Les marins et les cyclistes qui empruntent le canal de Nantes à Brest l’auront reconnue tout de suite. Depuis les années 1960, le point de vue de cette écluse redonnaise n’a pas beaucoup changé. À droite, on reconnaît le P’tit Théâtre Notre-Dame sur le quai Surcouf. Droit devant, c’est la Vilaine, uniquement séparée du canal par cette écluse dite des Bateliers.

Des centaines de bateaux de plaisance passent ici chaque été, sous l’œil de l’éclusier qui manœuvre depuis sa tour de contrôle. Le fonctionnement des machines est aujourd’hui électronique, même si, en cas de pépin, on peut  se rabattre sur a bonne vieille manivelle.

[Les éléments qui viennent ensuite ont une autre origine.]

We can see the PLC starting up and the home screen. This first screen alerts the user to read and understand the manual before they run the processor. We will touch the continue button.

Ancienne ville d’armateurs, Redon est un carrefour des voies navigables bretonnes, à quarante kilomètres de l’océan. Située an nord de la confluence de l’Oust et de la Vilaine, elle est traversée par le canal de Nantes à Brest. Percer cette voie navigable fut un chantier d’envergure, au XIXᵉ siècle. Elle compte 364 km de canaux et 238 écluses !

Un port majeur

Historiquement, le point fort de Redon était sa capacité à recevoir des bateaux fluviaux et maritimes. Les voiliers pouvaient y arriver sans avoir à démâter. Première grande ville quand on rentre sur la Vilaine du côté d’Arzal, Redon a souvent été considérée comme l’avant-port de Rennes, destination de nombreuses barges chargées de fret.

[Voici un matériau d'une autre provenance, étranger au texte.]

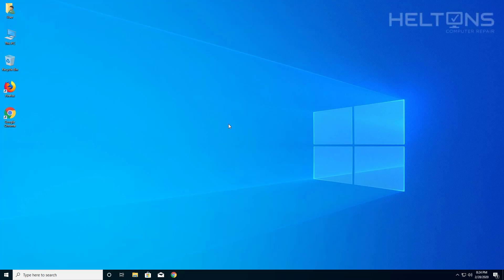Hello everyone, how are you doing? This is Helton's Computer Repair here with another tutorial. In this tutorial, I'll be showing you how to uninstall Windows Live Essentials 2012.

Après la canalisation de la Vilaine, au XVᵉ siècle, le port de Redon a attiré des marchands du nord de la Bretagne, de Mayenne et de Normandie. Les quais se sont parés de riches maisons. Le transport fluvial a commencé à décliner au début de XXᵉ siècle. Les marchandises passaient désormais par le chemin de fer ou la route.

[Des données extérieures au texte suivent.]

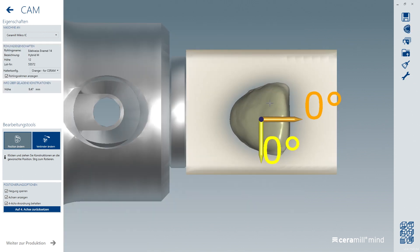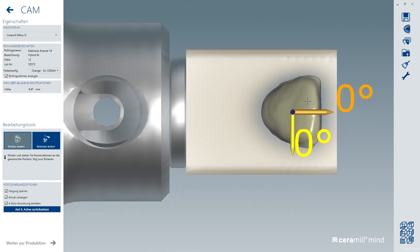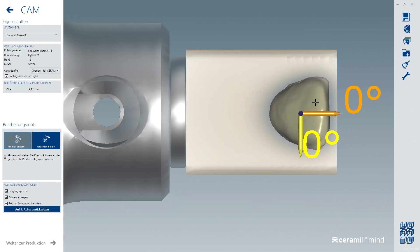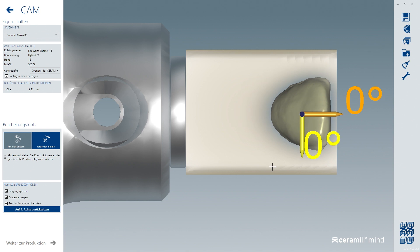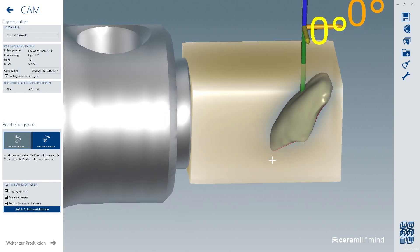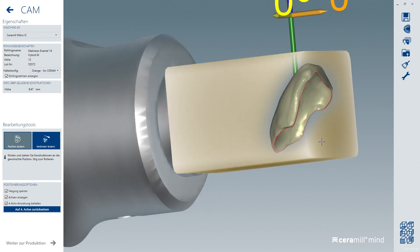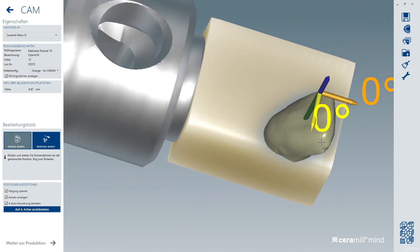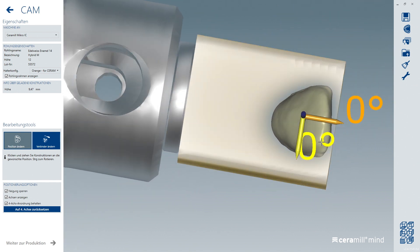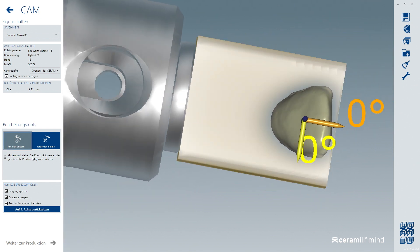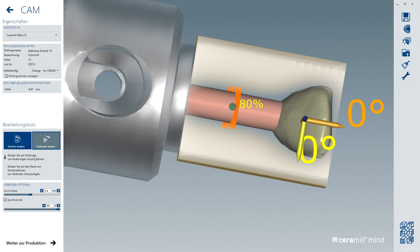If possible, position your construction close to the edge of the block to shorten the milling time. A diameter of 3 mm is sufficient for the connector.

Le point final de cette aventure humaine et technologique a été posé en octobre 2013, quand le navire de Saint-Germain a cessé de naviguer. Il transportait depuis l’embouchure de la Loire l’équivalent e plus de 300 camions de sable et de gravier, destinés aux maraîchers et aux entreprises du bâtiment. Sa disparition a eu de lourdes conséquences économiques, avec la fermeture de sablières locales.

    Le saviez-vous ?

À partir de 1970, le barrage d’Arzal a fortement adouci le caractère soupe au lait de la vilaine. En régulant son débit, ce rare modèle de barrage estuarien a permis de lutter contre les inondations hivernales à Redon et jusque dans la région de Rennes et Vitré. Il fournit même de l’eau potable !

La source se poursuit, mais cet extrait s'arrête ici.